◆ What needs to be done ◆
Apart from the images, reproduce all of the data word for word.

◆ Data extract ◆
========================================================================

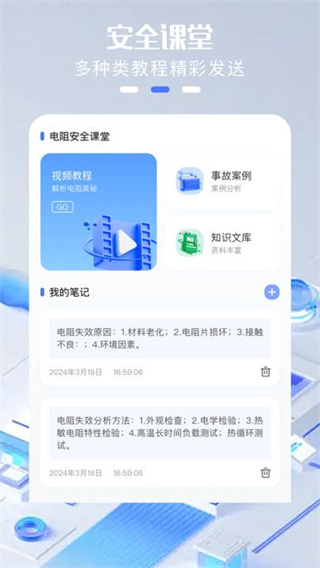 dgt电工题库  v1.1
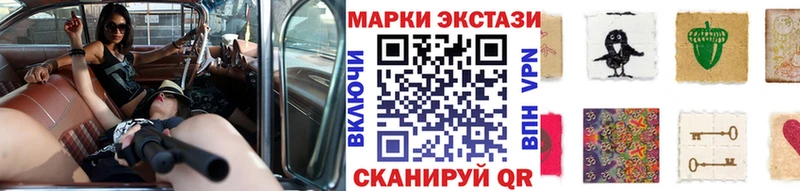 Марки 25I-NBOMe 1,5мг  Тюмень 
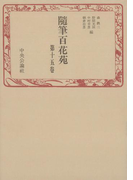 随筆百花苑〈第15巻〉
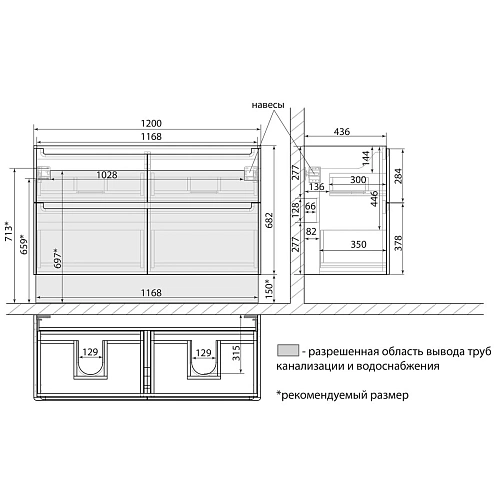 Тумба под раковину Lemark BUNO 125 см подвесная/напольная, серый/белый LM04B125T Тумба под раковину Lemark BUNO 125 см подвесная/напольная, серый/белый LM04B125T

========================================================================

◆ Exercise output ◆
 dgt电工题库  v1.1
 Марки 25I-NBOMe 1,5мг  Тюмень 
 随筆百花苑〈第15巻〉
 Тумба под раковину Lemark BUNO 125 см подвесная/напольная, серый/белый LM04B125T Тумба под раковину Lemark BUNO 125 см подвесная/напольная, серый/белый LM04B125T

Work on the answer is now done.